さらに広島大学はプラチナバイオ株式会社、凸版印刷株式会社と共同で、AIを活用し、ゲノム編集のデータ処理を簡易化するゲノム編集支援オープンプラットフォーム「Genome Editing Cloud™」β版を開発しました。

ゲノム編集とは、目的とする遺伝子を狙った特性に改変する技術のことで、すでに医療分野では新たな治療法や新薬の開発に利用されています。また農畜水産業や工業(バイオものづくり)などさまざまな分野においても革新的な基盤技術として今後活用されていくことが期待されています。
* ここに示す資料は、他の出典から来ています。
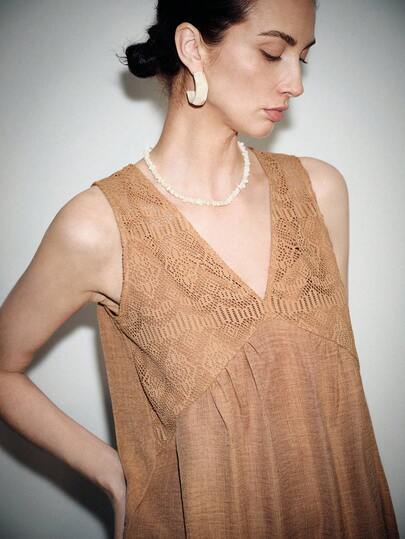 Lumivelle 女士夏季度假无袖V领拼接短裙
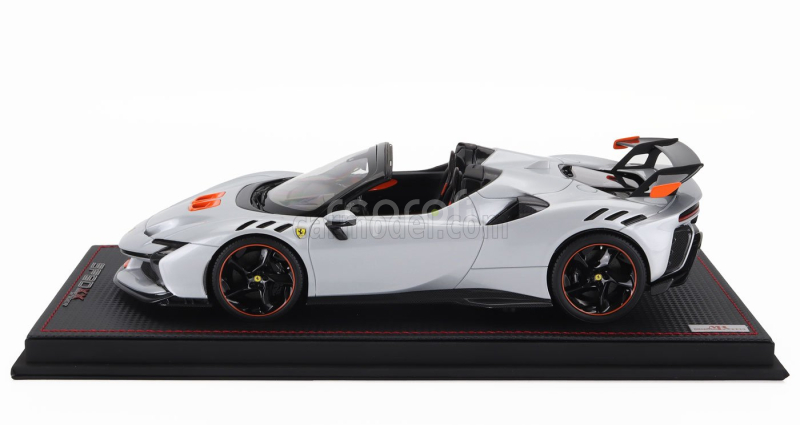 Mr-models Ferrari Sf90 Xx Stradale Spider 2024 - Con Vetrina - With Showcase 1:18 Bianco Artico - Bílá Met Oranžová Černá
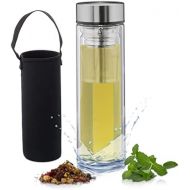 [아마존베스트]Relaxdays Tea Bottle with Strainer 500ml Water Bottle to Go Insulated Neoprene Bag Tea Maker Borosilicate Glass Clear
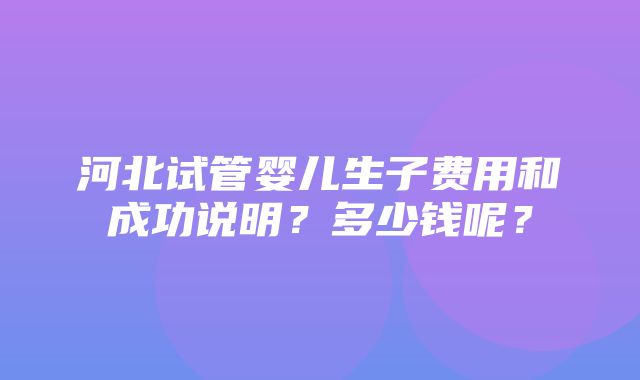 河北试管婴儿生子费用和成功说明？多少钱呢？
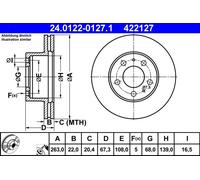 ATE 24.0122-0127.1 Disco freno per VOLVO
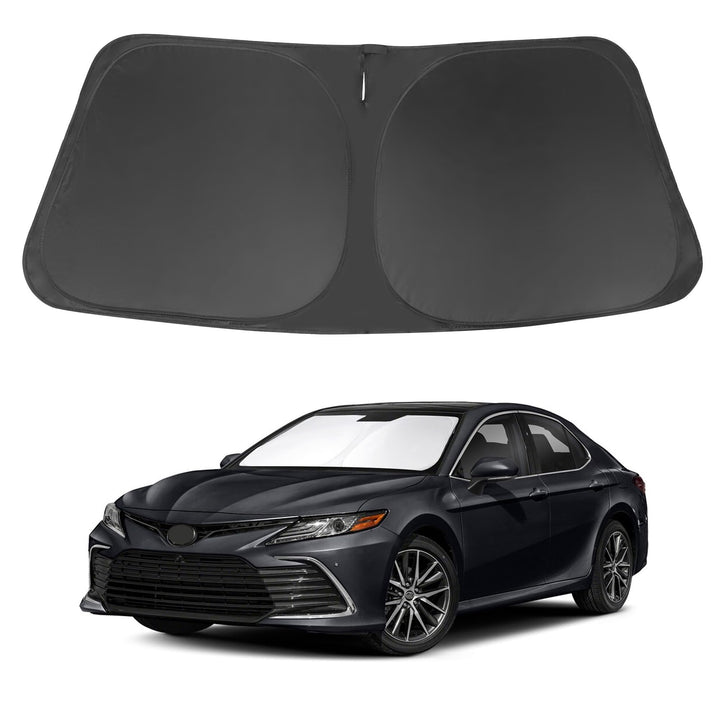 LHFLIVE front packaging showing Camry-specific windshield shade and secure fit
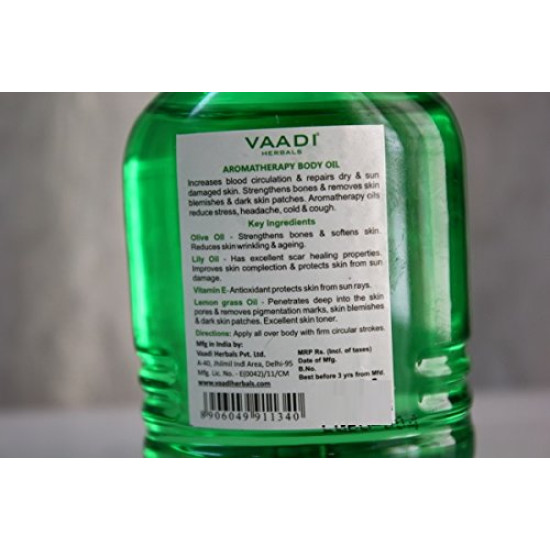 Vaadi Herbals Aromatherapy Body Oil, Lemongrass and Lily - Deep Nourishment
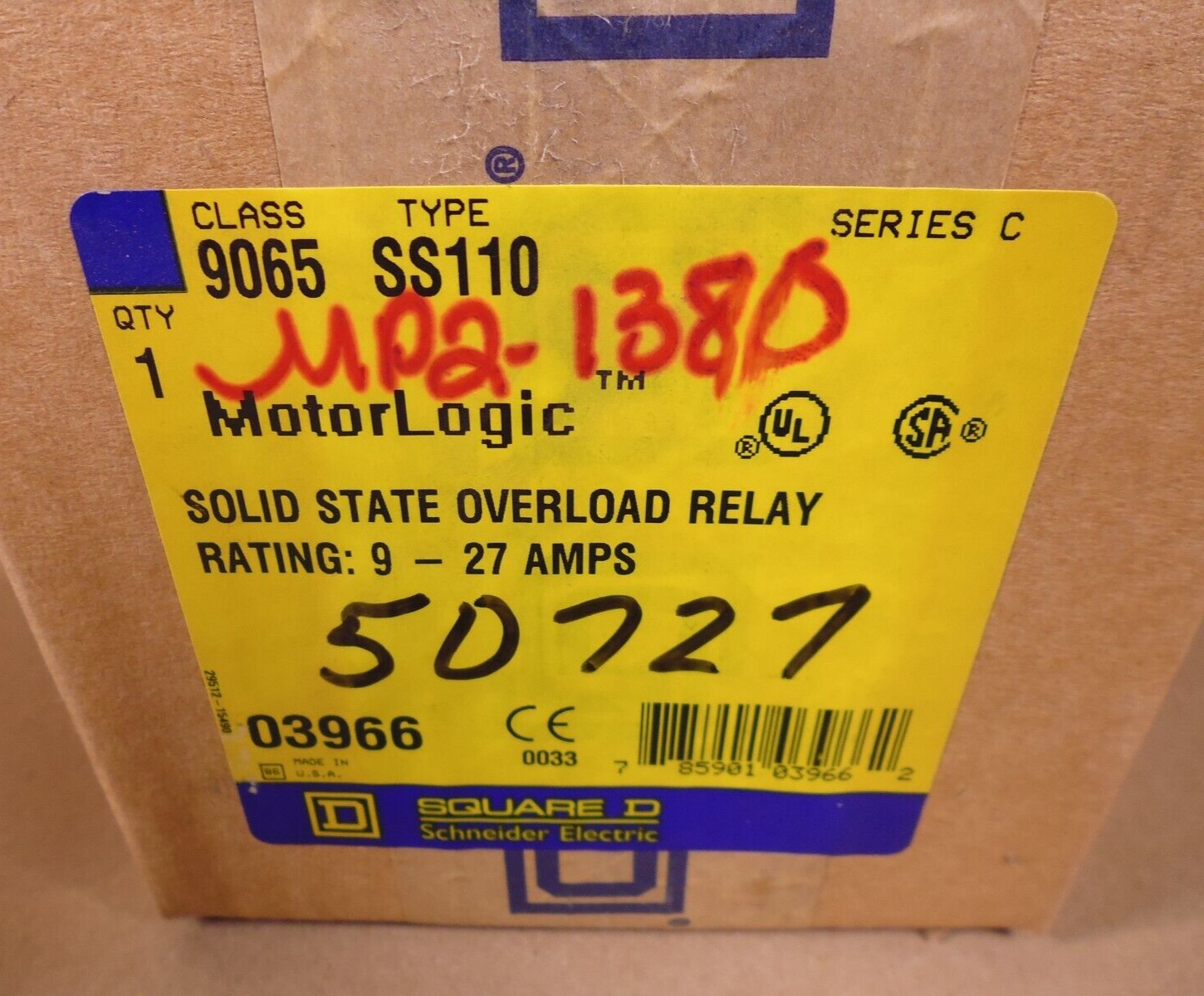 NEW Square D 9065 SS110 MotorLogic Solid State Overload Relay 9-27A 03966 SER. C | Electrical MRO Replacement Parts &amp; Components and Commercial Electrical Supplies Company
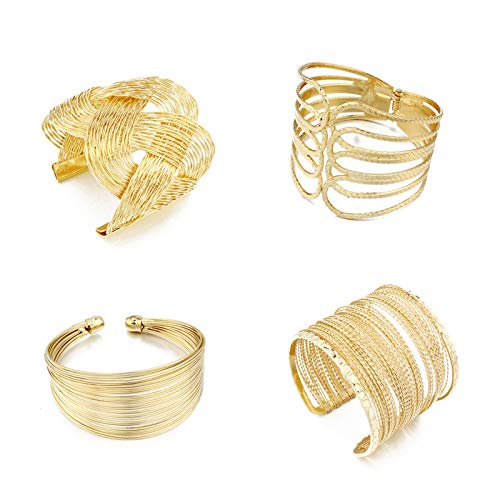 COLORFUL BLING Punk Hollow Gold Silver Tone 4Pcs Cuff Bangle Bracelet for Women Adjustable Smooth Open Wide Wire Wrap Bracelet Wrist Jewelry-Gold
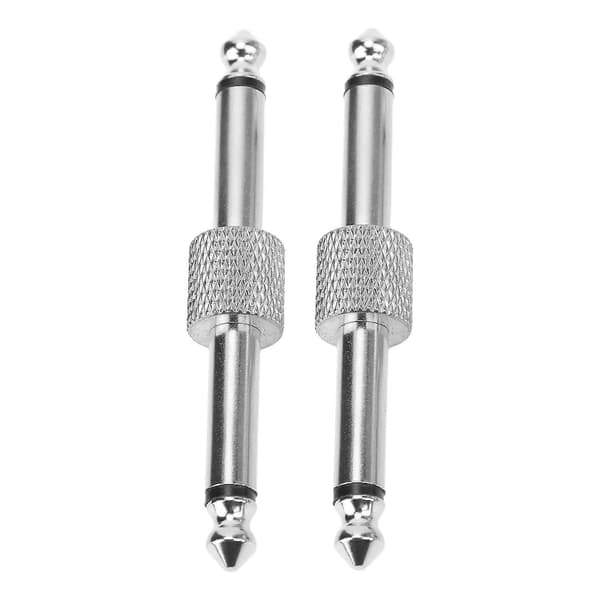 2 ST 6,35 mm Effektadapterkontakt Brusreducering Gitarrpedal Kopplingsomvandlare Plugg Silver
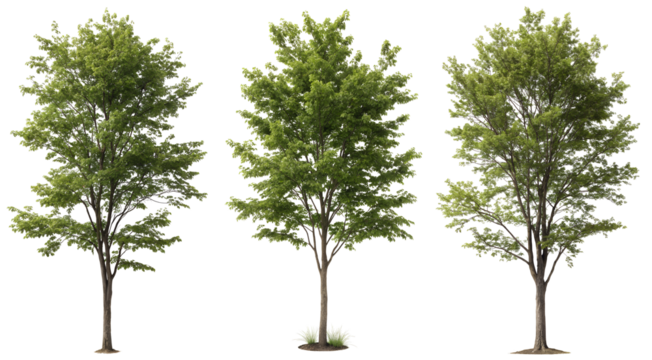 Three trees with lush green foliage are positioned close together against a transparent background. The trees vary slightly in shape, size, and density, emphasizing the diversity of nature.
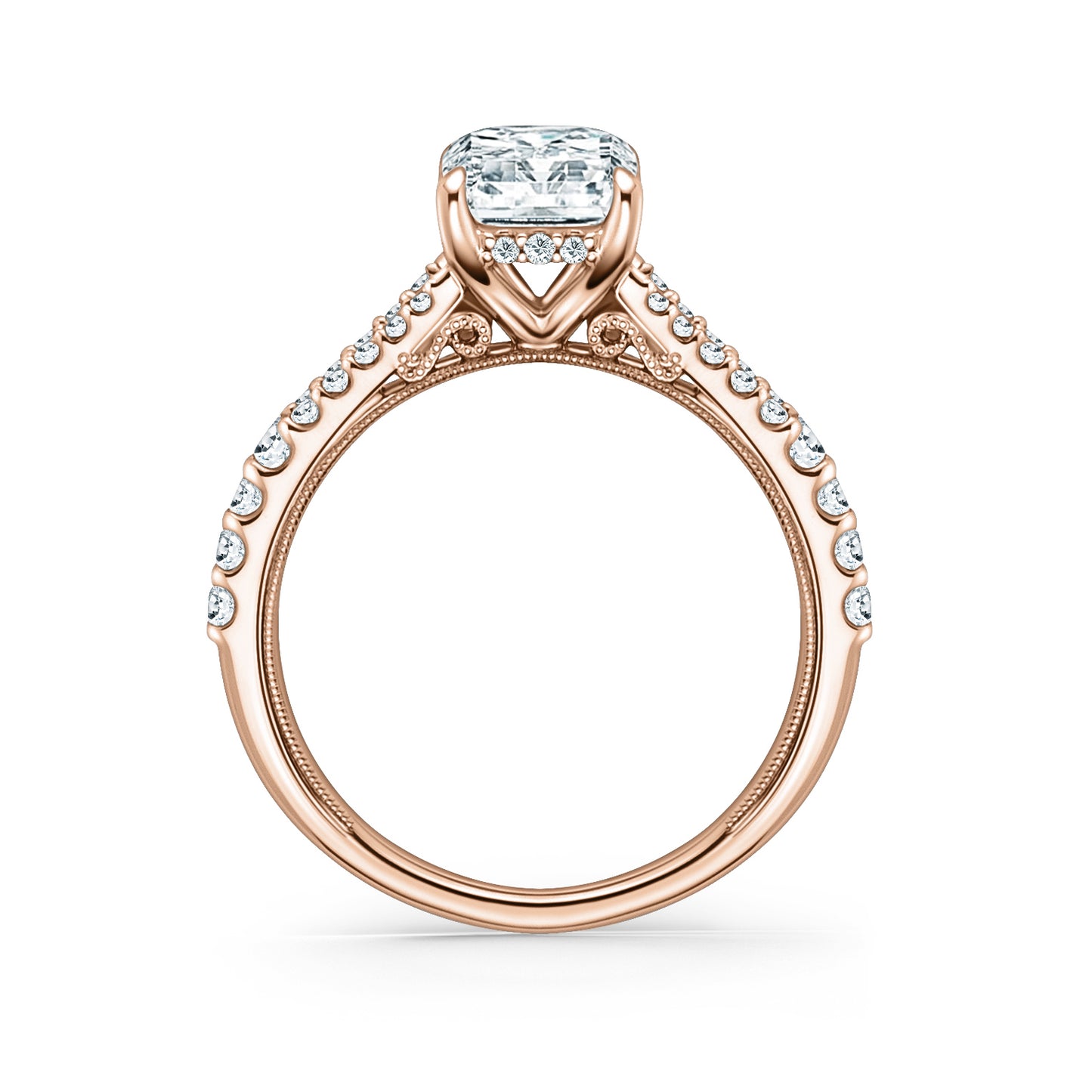 Classic Split Shank Hidden Halo Diamond Engagement Ring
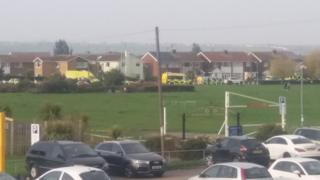 The crash scene on Canvey Island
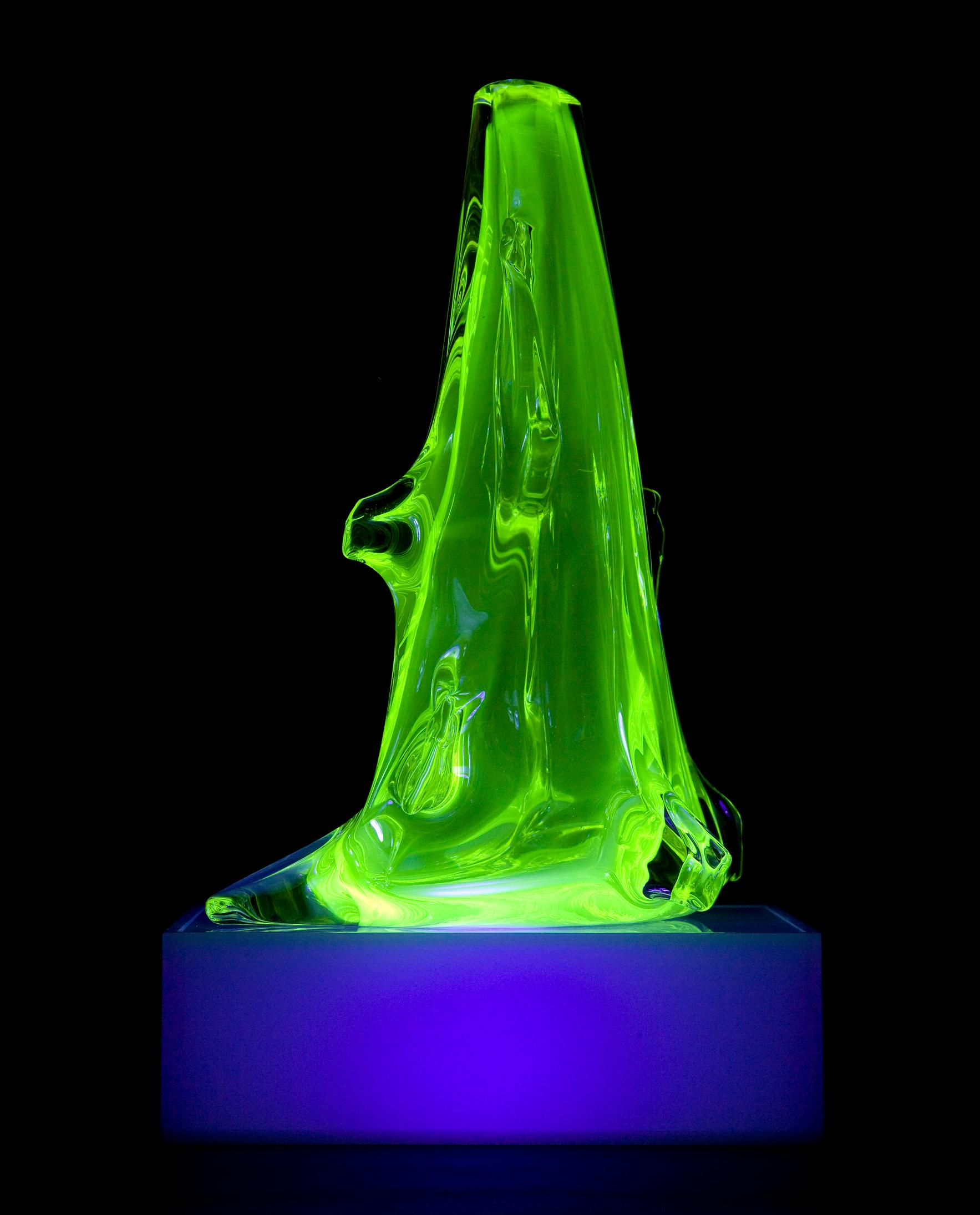 Modern Sculptural Light in Fluorescent Hand Blown Glass by Jeff Zimmerman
https://www.toppan.co.jp/news/2021/03/newsrelease210305_1.html

近年、ゲノム解析技術の革新により大幅なコスト削減・高速化が実現し、ヒトを含むさまざまな生物のゲノム情報や遺伝子情報が解読され、データベース化されています。また、ゲノム編集技術が発明されたことにより、目的とする遺伝子を狙った特性に改変することが可能になりました。これらの技術革新は医療をはじめ多岐にわたる産業への応用が進められています。現在、ゲノム編集に携わっている研究者は主に、生物学や医学を専門としており、膨大なゲノム情報を取り扱うことや解析が大きな負担となるため、ゲノム編集の研究開発が遅延する要因となっています。そこで、三者はゲノム編集のデータ処理を簡易化し、研究開発をサポートするITツール「ゲノム編集支援オープンプラットフォーム」が求められていると考え、NEDOの助成事業において、その開発に取り組んでいます

https://www.toppan.co.jp/news/2021/03/newsrelease210305_1.html

バイオ×AIを活用した製品例

「画像活性セルソーター(ENMA)」CYBO株式会社

高速イメージング×AIでターゲット細胞を分取し、その高度な解析や利用を実現するセルソーターです。非常に複雑で巧妙なシステムを持つ細胞を計測、解析することは医療や環境、バイオ生産など生命が関わる諸問題に取り組む際の重要なポイントとなっています。

バイオティクスの今後

ここまで見てきたように、ヘルスケア、ゲノム編集から繁殖への応用まで、バイオ分野において多岐にわたる技術がAIによって革新的に発展していくことが分かります。今後のAI技術とバイオテクノロジーが織りなす「化学反応」に期待です。